Table 9. Some field indicators for physical or ecological damage *


Measurement or Observation

Tundra type

• Aquatic tundra

• Wet tundra

• Moist tundra

• Dry tundra

• Bare soil

Vegetation cover (Tactic AM-6)

• Cover estimates
(0 to 5%, 6 to 25%, 26 to 50%, 51 to 75%, 76 to 95%,
96 to 100%) for shrubs, graminoids (i.e., grasses and grass-like plants), mosses, and bare soil

Vegetation damage (Tactic AM-3)

• No apparent damage

• Partially crushed (some stems and leaves crushed, but structure mostly intact)

• Mostly crushed (stems and leaves recognizable, but mostly laying flat on ground)

• Stressed (wilted, dropping leaves, or leaves discolored)

• Dead

• Roots exposed

• 1 to 5 inches of organic layer or soil removed

• >5 inches of organic layer or soil removed

Birds and mammals (use data form)

• Species and number observed at the entire site

• Condition (healthy, diseased, dead)

• Note whether spill residue is visible
on animal

• Animal dead, probably due to
other causes

* Adapted from Cater and Jorgenson 1999

Measure and observe field indicators at pre-established sampling points, preferably at discreet points on a sampling grid. The number and locations of sampling points should be established by agreement between the responsible party and regulatory agencies. Field sampling points should represent the entire site, with no bias to either heavily or lightly impacted areas. The number of sampling points that are needed will depend on the degree of contamination and the size of the affected area. A small site with heavy contamination may require a relatively intensive sampling approach (e.g., 10 field sampling points per 0.1 acres). For larger sites, spread field sampling points out more widely to characterize the entire site (e.g., 1 sample per 0.2 acres). In many cases, it will be appropriate to divide the site into zones of severity (e.g. lightly, moderately and heavily affected); several samples should be collected in each zone. Field indicators should also be measured in similar tundra types in the surrounding area unaffected by the spill (background or reference areas) for comparison.

Field sampling points preferably should be established at nodes on the surveyed sampling grid (Tactic AM-1). Ideally, the same measurements and observations should be made at all field sampling points.

If necessary, use survey nails or other permanent markers to physically mark the sampling points and record their locations on a scaled site map (Tactic AM-1) so they can be accurately relocated in the future. If an individual sampling location is not located at a node on the grid, record a waypoint, or the distance and direction of the sample location from a grid node. Most observations of field indicators are specifically related to the tundra surface. When subsurface soil observations are necessary, dig a small test pit and examine the sidewall of the pit, or cutting out a soil sample for easier observation.
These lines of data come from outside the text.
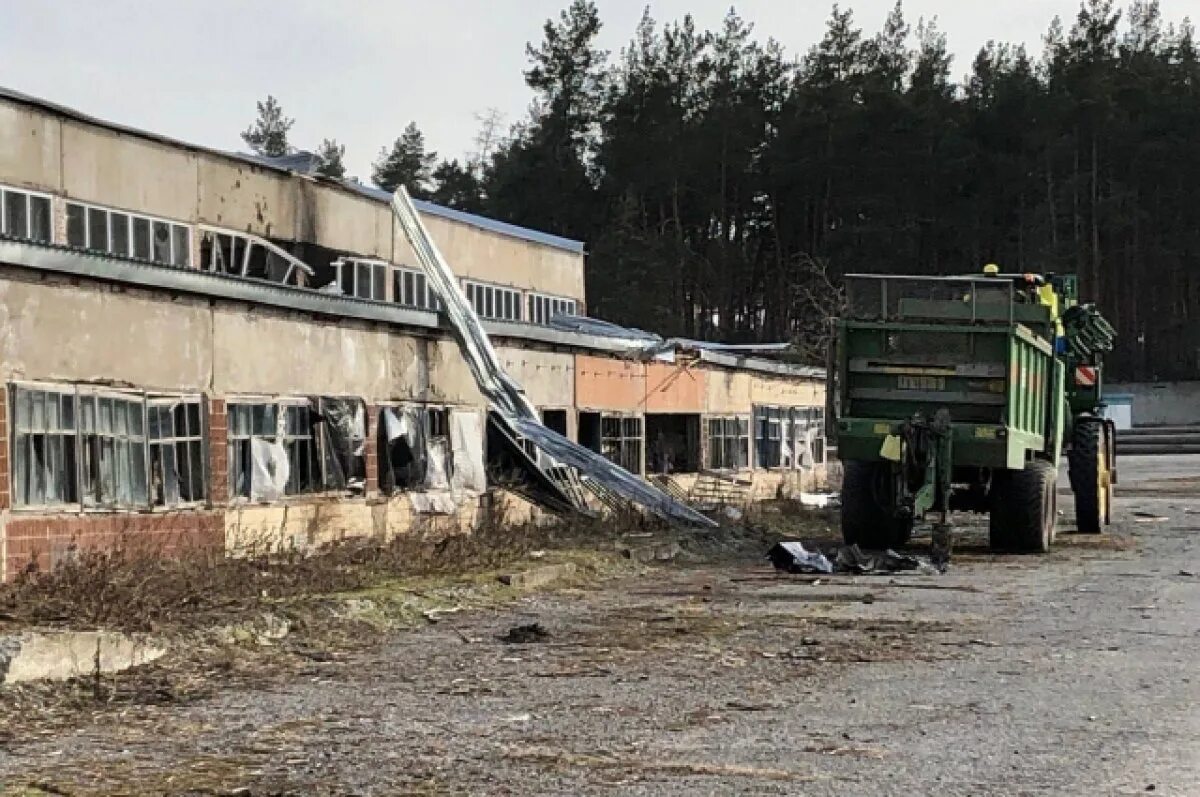 Сегодня нападение на белгород со стороны украины. Шебекино Белгород обстрел. Новая Таволжанка обстрел сейчас. Разрушенный завод. В селе.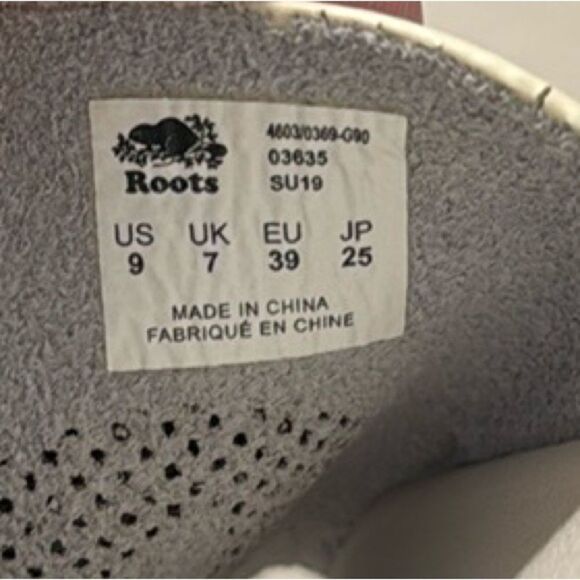 ROOTS Long Beach Pool Slide in White Perforated Spellout - Picture 11 of 11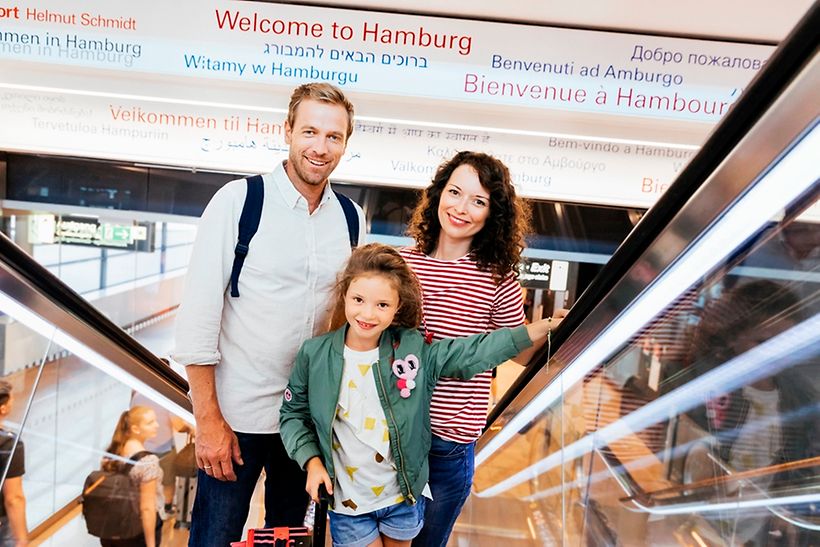 familie-rolltreppe-terminal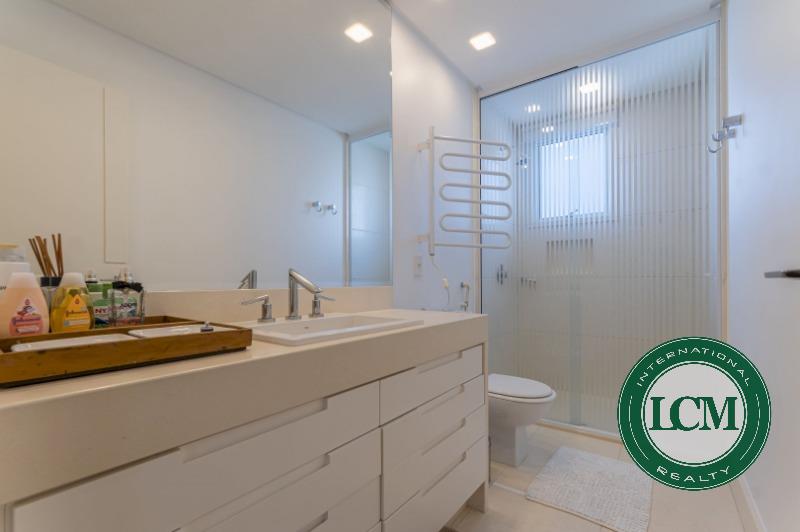 Apartamento de luxuoso em frente ao mar - foto 4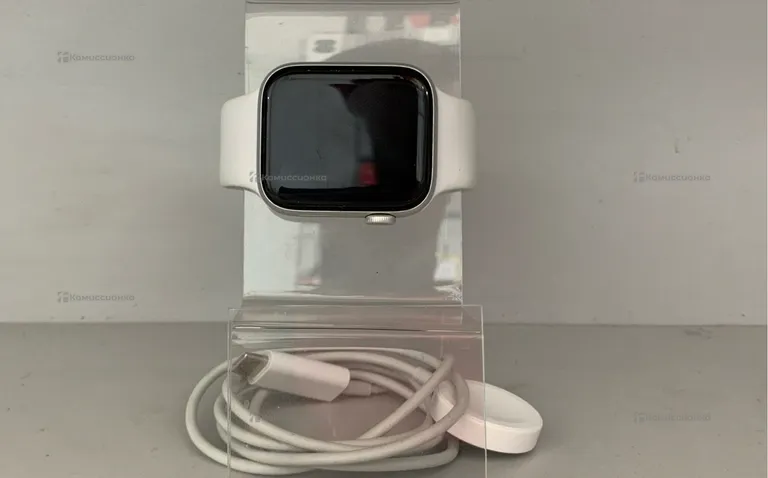 Часы  Apple Watch SE 2022 44mm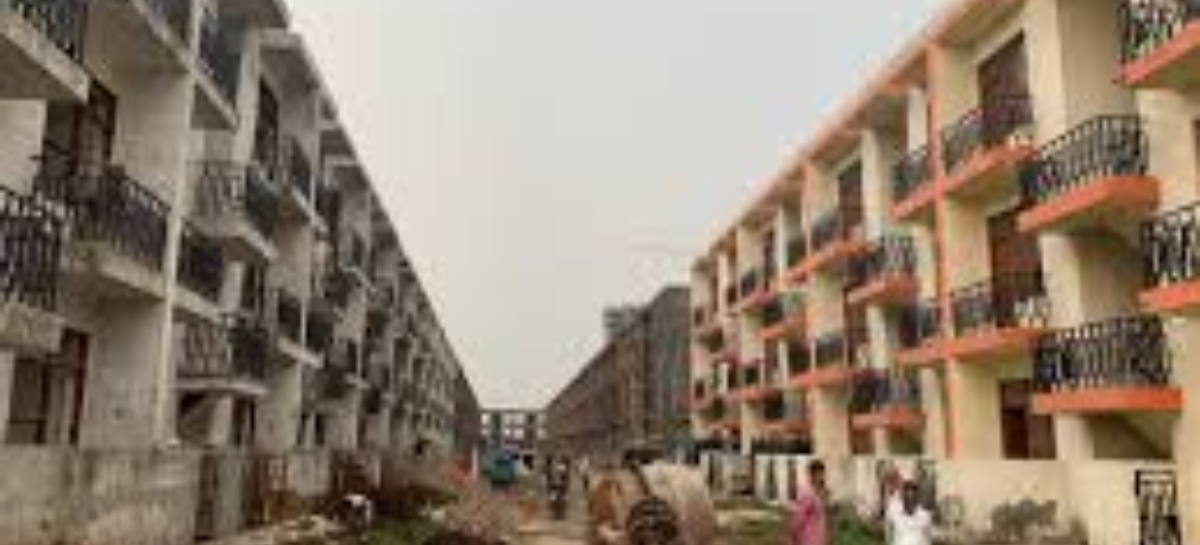 फ्लैट गरीबों के, कमाई कर रहे प्रॉपर्टी डीलर
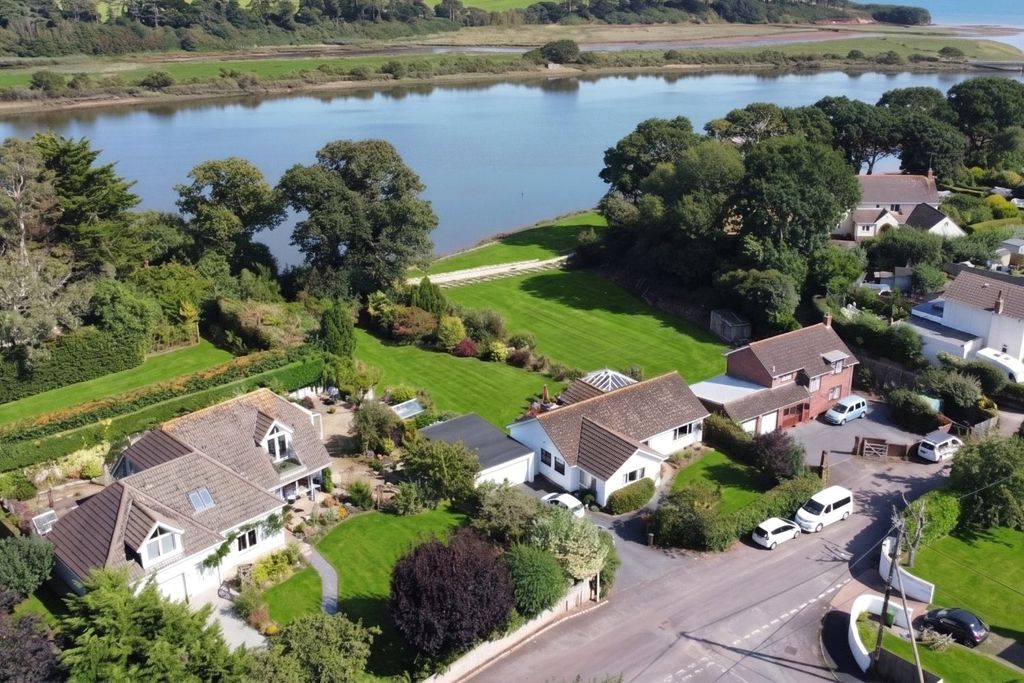 Property photo 1 of 15 Drone Of River Otter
Sample datasheets for recording field indicator data are located at the end of this section.

Considerations and Limitations

  • Avoid placing stakes in locations that may interfere with treatment operations.
  • Water-soluble spill residues may not be visible on the tundra surface.
  • Most observations or measurements of field indicators require a thawed active layer and the absence of snow cover.
  • Use plywood walkways to minimize trampling of site.

Equipment, Materials, and Personnel

NOTE: Generally a team of two workers measures and records observations of field indicators.
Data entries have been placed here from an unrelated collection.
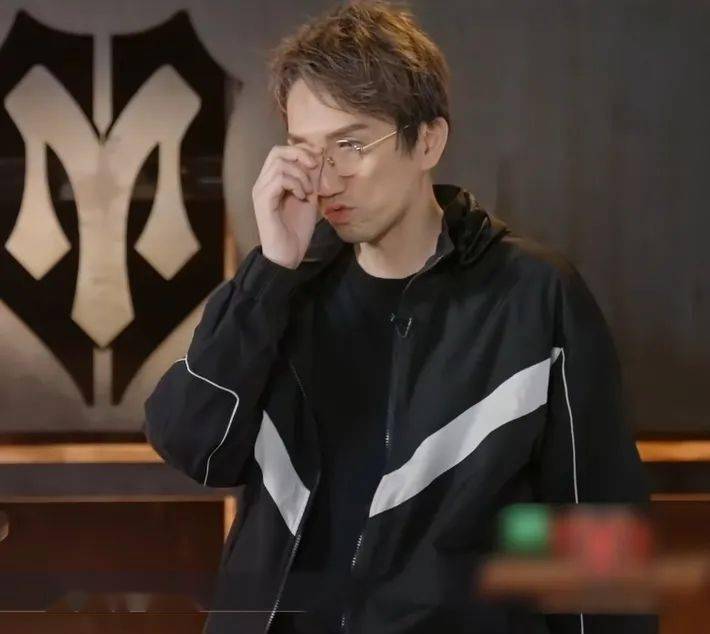 陈辉|他就是传说中的“绿茶男”吧？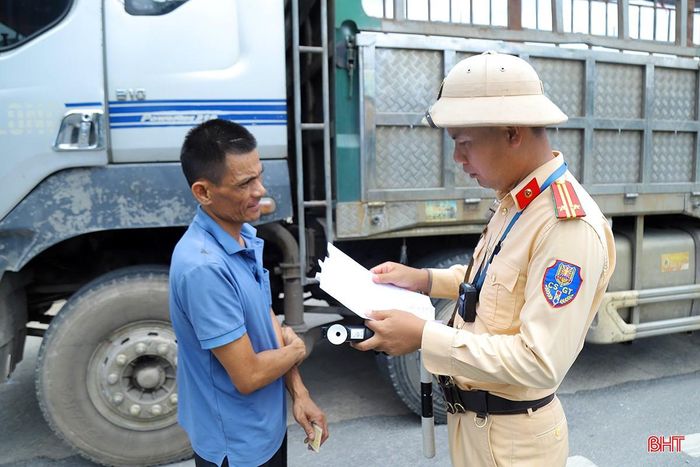 Cán bộ Phòng CSGT Công an tỉnh Hà Tĩnh kiểm tra tài xế, phương tiện tham gia giao thông. Ảnh minh họa.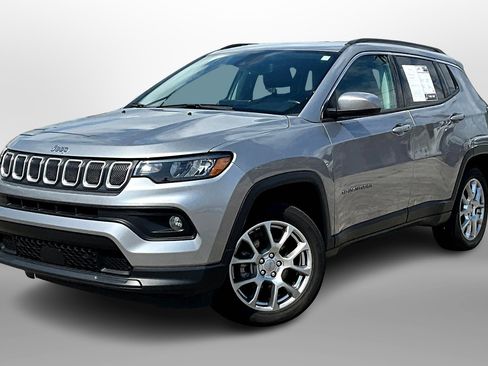 Used 2022 Jeep Compass Latitude image 13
  • Ruler or measuring tape – to measure residue on tundra surface and the depth of infiltration.
  • Metal probe – to measure depth of thaw, water depth.
  • Shovel – to dig small test pit to observe soil horizons.
  • Large survey nails, wooden laths, or steel “rebar” stakes – to mark areas where field indicators were measured or observed so they can be relocated during subsequent monitoring events.
  • GPS – to record sample point locations.
  • Standard data forms - to record observations.